NVIDIA Tegra Is Not Targeted By Nouveau

Written by Michael Larabel in Nouveau on 22 April 2011 at 10:47 PM EDT. 5 Comments
NOUVEAU
This week on the Nouveau mailing list it was asked whether the NVIDIA Tegra GPUs will be supported by the reverse-engineered Nouveau driver that's created by the open-source community. The Nouveau driver has no plans at this point to support this growingly popular NVIDIA SoC graphics processor.

The NVIDIA Tegra system-on-a-chip has been around since 2008 and there's now multiple versions of it out there, but its design for MIDs/PDAs/phones is vastly different from the GeForce/Quadro graphics processors. As such, the Nouveau developers aren't targeting any open-source Tegra driver.

As Lucas Stach said, "Tegras are significantly different from normal nvidia chipsets. Some knowledge can be applied, but it's likely easier to write a new driver for tegras than adapting nouveau. So there are no efforts in supporting tegra within nouveau."

Since the 2008 launch of the Tegra, Google has ported Android to Tegra, there's Tegra 2 support in Ubuntu, and there's a quad-core Tegra SoC planned for release later in the year. The Motorola Xoom is one of the modern devices taking advantage of NVIDIA's Tegra 2 with its dual-core ARMv7 Cortex-A9 processor and "GeForce ULP" graphics with just four pixel shaders and four vertex shaders.

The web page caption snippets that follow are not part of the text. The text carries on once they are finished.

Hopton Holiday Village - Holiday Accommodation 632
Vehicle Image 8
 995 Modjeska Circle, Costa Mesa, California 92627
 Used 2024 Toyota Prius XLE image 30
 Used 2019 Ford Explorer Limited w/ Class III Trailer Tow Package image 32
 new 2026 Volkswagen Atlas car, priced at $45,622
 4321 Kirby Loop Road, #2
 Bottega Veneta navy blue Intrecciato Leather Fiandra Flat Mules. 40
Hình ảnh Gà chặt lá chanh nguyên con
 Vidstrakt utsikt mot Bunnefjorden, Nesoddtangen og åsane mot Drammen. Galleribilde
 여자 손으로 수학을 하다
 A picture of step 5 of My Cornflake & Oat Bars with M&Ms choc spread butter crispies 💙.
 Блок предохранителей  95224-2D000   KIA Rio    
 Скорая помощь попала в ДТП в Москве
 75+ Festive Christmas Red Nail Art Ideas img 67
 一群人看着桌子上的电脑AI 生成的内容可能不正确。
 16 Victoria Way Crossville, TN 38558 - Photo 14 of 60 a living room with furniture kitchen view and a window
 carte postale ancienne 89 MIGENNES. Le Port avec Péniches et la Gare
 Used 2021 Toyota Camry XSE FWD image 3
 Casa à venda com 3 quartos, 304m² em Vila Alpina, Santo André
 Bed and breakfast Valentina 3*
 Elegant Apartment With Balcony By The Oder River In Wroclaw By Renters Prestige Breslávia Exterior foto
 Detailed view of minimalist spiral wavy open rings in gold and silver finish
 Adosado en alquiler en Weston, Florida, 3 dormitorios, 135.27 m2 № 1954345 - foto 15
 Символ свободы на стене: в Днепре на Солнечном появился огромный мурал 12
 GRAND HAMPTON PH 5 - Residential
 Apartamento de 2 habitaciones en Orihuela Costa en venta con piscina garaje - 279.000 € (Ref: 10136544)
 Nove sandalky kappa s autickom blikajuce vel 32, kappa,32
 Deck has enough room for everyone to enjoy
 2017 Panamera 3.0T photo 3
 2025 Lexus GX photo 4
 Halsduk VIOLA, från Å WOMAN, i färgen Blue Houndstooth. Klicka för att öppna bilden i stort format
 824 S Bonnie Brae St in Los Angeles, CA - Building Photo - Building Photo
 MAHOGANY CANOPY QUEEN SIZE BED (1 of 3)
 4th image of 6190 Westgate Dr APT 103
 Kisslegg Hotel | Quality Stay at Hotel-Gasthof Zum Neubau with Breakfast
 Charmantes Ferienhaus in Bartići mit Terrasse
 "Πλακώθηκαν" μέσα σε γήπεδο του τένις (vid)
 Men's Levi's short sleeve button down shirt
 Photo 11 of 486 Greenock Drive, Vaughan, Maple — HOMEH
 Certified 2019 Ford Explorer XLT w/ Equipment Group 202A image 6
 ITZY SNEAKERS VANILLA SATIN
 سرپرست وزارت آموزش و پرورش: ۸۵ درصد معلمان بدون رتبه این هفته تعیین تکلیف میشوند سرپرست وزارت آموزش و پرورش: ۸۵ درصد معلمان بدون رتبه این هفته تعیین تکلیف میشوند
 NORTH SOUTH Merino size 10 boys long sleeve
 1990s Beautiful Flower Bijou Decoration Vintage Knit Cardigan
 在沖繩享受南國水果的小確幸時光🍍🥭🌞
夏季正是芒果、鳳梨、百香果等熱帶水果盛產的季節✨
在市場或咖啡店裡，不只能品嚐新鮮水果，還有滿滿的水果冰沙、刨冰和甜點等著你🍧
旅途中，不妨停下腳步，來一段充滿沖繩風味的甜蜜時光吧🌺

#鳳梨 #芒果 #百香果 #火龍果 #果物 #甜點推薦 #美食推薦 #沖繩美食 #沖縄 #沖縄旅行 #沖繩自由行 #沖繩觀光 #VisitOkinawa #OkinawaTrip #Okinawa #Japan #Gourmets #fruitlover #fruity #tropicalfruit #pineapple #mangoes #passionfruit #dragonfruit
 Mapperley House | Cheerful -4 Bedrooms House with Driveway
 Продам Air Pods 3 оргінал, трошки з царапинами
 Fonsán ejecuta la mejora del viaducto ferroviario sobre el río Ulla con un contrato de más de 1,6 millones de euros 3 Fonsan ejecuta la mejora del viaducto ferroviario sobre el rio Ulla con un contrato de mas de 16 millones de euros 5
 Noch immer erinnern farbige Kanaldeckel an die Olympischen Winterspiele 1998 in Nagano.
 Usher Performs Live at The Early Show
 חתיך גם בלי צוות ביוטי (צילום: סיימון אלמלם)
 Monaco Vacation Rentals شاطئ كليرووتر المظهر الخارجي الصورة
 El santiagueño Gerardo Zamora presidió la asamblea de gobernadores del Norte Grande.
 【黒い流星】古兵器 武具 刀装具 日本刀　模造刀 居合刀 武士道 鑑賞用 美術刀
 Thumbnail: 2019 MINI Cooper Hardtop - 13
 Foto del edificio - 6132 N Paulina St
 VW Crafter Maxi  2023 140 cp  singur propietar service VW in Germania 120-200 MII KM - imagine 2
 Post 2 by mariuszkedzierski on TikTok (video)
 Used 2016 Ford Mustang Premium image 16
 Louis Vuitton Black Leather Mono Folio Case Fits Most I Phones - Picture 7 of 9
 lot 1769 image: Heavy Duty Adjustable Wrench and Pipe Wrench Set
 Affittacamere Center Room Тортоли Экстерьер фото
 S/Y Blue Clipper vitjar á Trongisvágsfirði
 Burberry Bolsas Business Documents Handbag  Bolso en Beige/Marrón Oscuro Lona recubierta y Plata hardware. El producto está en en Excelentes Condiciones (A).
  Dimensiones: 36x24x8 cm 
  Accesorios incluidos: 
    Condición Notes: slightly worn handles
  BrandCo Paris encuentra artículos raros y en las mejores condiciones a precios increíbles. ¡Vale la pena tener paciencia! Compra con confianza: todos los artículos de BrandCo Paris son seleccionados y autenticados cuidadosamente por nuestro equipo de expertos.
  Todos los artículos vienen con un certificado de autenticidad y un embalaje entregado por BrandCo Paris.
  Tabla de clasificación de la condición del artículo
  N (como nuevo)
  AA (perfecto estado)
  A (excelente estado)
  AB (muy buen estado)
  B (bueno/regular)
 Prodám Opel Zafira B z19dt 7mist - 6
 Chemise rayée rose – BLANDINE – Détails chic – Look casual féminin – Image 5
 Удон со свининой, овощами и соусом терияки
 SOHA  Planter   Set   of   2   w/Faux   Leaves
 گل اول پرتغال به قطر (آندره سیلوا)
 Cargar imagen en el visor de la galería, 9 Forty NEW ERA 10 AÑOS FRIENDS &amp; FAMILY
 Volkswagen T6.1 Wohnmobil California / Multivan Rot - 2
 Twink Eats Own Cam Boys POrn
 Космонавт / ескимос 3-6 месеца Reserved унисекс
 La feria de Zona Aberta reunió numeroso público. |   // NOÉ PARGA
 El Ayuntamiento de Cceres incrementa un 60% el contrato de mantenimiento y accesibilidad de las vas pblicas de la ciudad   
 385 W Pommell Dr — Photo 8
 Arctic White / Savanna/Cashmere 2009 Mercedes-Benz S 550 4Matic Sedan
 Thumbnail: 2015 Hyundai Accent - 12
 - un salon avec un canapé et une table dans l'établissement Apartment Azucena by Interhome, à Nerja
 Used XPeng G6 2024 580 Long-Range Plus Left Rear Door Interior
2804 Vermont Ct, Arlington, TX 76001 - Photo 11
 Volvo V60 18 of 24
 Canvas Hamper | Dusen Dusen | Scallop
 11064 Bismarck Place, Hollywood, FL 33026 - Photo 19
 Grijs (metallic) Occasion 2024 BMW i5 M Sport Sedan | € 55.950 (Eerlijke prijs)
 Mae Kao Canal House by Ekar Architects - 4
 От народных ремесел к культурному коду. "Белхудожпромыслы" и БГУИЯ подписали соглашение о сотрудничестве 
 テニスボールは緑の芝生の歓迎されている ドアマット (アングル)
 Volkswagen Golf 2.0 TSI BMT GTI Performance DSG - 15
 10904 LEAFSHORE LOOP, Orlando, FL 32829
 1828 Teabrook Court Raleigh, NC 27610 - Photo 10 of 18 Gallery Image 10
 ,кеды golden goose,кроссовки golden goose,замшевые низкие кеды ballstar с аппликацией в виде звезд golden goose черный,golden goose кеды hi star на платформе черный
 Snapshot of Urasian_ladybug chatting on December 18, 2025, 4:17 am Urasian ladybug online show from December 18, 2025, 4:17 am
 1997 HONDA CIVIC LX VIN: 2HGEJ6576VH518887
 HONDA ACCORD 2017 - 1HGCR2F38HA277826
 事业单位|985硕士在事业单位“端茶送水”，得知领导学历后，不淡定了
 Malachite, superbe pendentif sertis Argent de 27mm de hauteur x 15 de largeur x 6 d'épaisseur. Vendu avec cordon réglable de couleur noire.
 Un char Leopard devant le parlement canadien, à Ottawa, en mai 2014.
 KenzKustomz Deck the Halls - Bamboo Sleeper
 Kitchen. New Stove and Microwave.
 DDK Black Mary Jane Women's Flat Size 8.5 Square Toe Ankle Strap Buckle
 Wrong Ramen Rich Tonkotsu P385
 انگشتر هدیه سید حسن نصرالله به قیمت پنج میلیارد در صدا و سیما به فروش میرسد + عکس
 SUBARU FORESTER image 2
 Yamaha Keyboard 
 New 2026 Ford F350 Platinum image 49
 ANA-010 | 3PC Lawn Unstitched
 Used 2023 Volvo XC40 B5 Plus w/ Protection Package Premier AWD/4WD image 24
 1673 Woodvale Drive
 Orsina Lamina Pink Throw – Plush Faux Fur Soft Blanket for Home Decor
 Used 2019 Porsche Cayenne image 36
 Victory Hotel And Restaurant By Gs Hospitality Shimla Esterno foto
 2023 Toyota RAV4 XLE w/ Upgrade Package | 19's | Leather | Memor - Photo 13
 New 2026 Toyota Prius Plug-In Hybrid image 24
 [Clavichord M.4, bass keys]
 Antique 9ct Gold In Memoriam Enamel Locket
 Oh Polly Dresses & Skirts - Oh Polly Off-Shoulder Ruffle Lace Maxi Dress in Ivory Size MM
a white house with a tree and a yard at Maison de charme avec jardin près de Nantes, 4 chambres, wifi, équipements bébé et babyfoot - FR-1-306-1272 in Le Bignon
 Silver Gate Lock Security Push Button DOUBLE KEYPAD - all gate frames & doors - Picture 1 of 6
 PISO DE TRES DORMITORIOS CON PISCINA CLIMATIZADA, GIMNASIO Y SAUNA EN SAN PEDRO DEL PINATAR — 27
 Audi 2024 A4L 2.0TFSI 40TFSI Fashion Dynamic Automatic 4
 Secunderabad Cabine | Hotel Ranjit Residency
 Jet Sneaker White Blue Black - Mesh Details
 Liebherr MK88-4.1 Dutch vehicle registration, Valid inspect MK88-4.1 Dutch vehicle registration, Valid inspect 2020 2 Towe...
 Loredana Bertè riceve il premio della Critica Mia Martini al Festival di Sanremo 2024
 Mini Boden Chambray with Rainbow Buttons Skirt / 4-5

The yet-to-be-released Tegra Stark is said to be 75 times faster than the Tegra 2, but that's not coming until 2014 at least. In the mean time there will be the Tegra Kal-El later this calendar year with its new graphics architecture that's said to be five times faster than the Tegra 2. Next year the Tegra Wayne is expected to double its performance.

While it's no surprise and makes sense the Nouveau driver isn't targeting Tegra (they have a hard time as it is in supporting all GeForce series), it doesn't help the embedded GPU situation which continues to face open-source GPU challenges. The reverse-engineered PowerVR driver is not moving along even though it's considered a Free Software Foundation "High Priority" project, there's concerns over ARM Linux GPU power management, and other vendors haven't been coming forward with open-source drivers. It's a great big mess. Some have put out partially open-source drivers, but none of them have yet been accepted into the mainline Linux kernel tree.